Ron avait secoué la tête, perplexe et mon sourire s'était agrandi.
-Des sorciers au grand potentiel mais au sentiment d'insécurité injustifié. Tu es bon, Weasley, il serait peut-être temps de te faire un peu confiance. Conseil de la gardienne adoubée par Viktor Krum. Tu peux le faire.
Et je l'avais planté là, médusé, contemplant sa baguette comme si c'était la première fois qu'il la voyait. Et étrangement, j'avais eu l'intuition que son match contre Serdaigle serait bien meilleur que les précédents. Cela ne manqua pas. Pour la première fois, Ron réalisa un match complet qui offrit la victoire et la coupe à Gryffondor. Humiliée par Ginny Weasley, Cho en jeta son balai par terre et Roger parut momentanément m'en vouloir d'avoir aidé Ron qui n'avait laissé passer qu'un seul souafle. Mais même Serdaigle finit par exulter : la coupe échappait à Serpentard et je fêtai la victoire d'Angelina, en larme alors qu'elle brandissait le trophée, comme si c'était la mienne.

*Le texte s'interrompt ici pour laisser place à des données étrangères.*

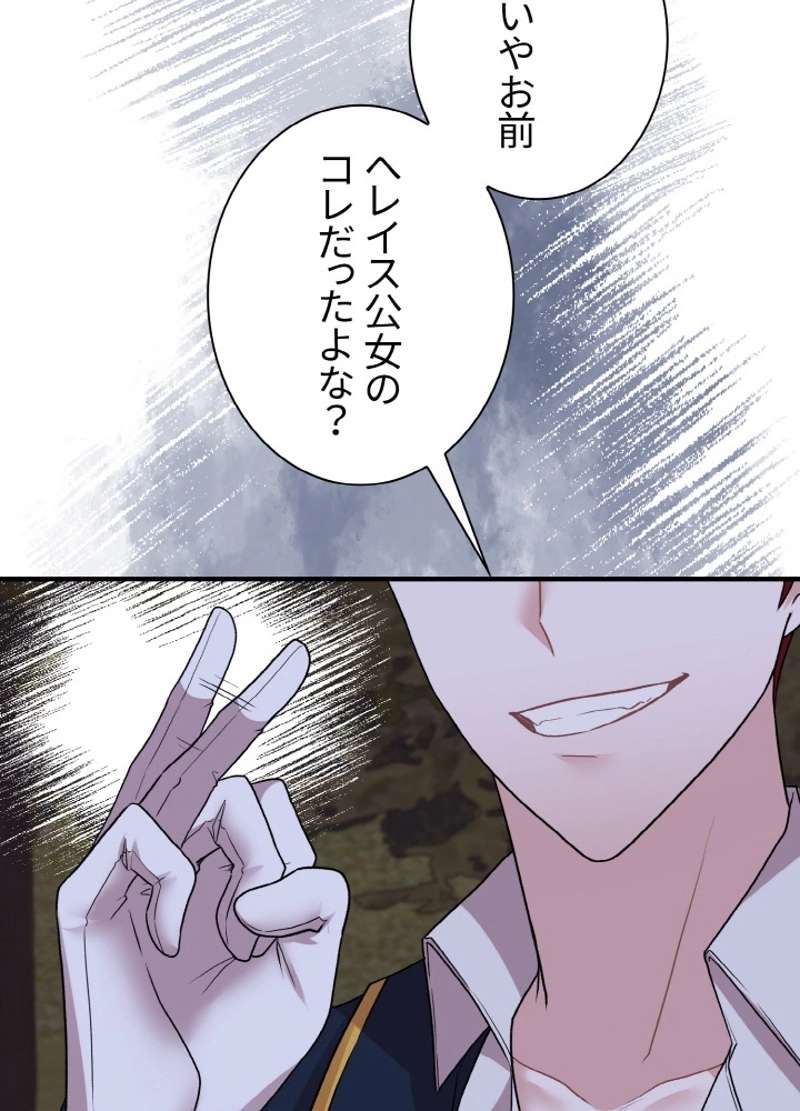 P44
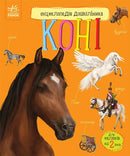 Children’s horse book cover from Preschooler’s Encyclopedia about horses for kids
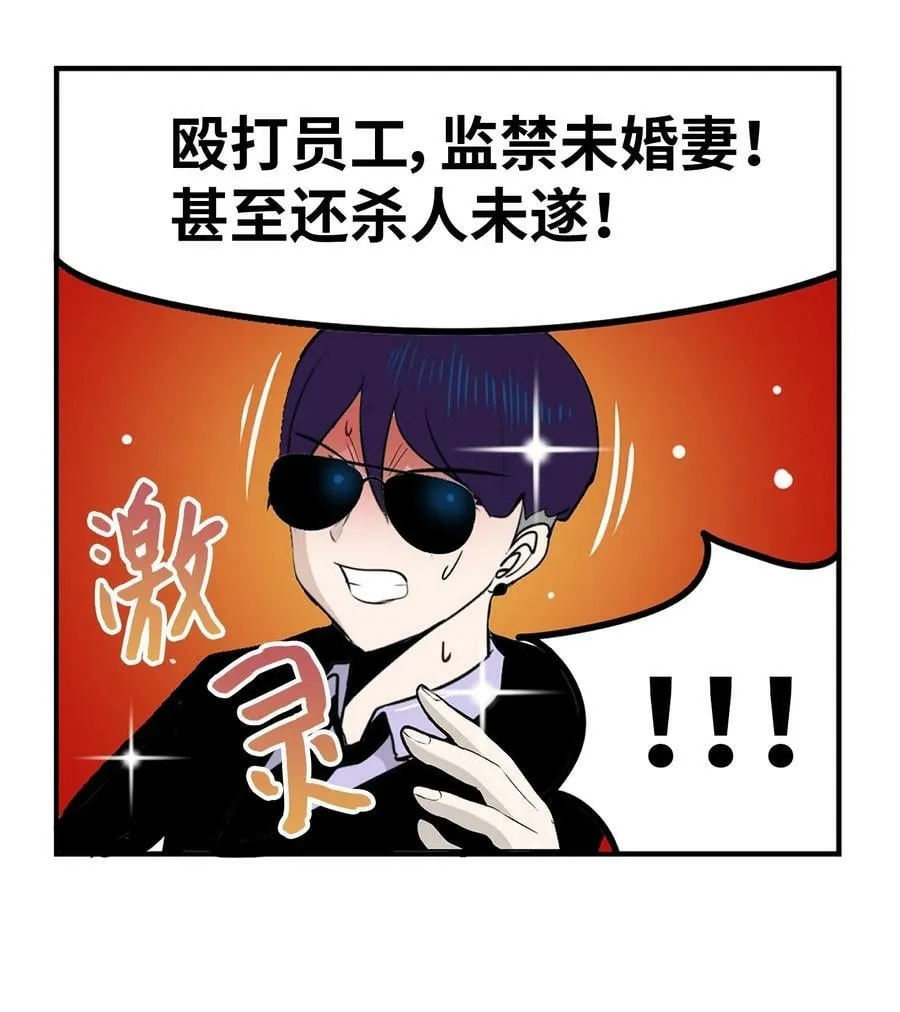 147 你想往哪逃 第20页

En revanche, mon soutien ouvert à Gryffondor avait réellement occasionné la rancœur de Miles, qui en plus avait été critiqué pour sa fébrilité lors du match contre Poufsouffle. L'instant de grâce de Quidditch avait pour lui éclater le jour où je m'étais faite agressée et malgré le fait qu'il disait parfaitement comprendre ma haine pour l'équipe de Serpentard qui m'avait privée de finale, je sentais que ces gestes à mon égard s'étaient faits plus forcés, moins naturels. La fracture entre nous était plus que consommée et plus je réfléchissais, plus j'avais la certitude qu'il était impossible que notre couple survive à Poudlard. Nos vies une fois à l'extérieur seraient bien trop différentes, nous n'aurions absolument pas les mêmes préoccupations. Et j'avais eu les échos de la réunion qui s'était faite autour d'Ombrage après mon agression : Miles était celui qui s'était le plus tu, de peur de s'attirer les foudres de sa directrice et je n'avais pas oublié son envie de s'effacer alors que Warrington martyrisait un pauvre enfant. Il n'avait pas de cause à défendre dans cette guerre et je ne consistais pas une raison suffisante de lutter – ce qui en soit pouvait également être révélateur de ses sentiments à mon égard. Mais moi je ne pouvais pas me contenter de ça et j'ignorais s'il était prêt à l'accepter.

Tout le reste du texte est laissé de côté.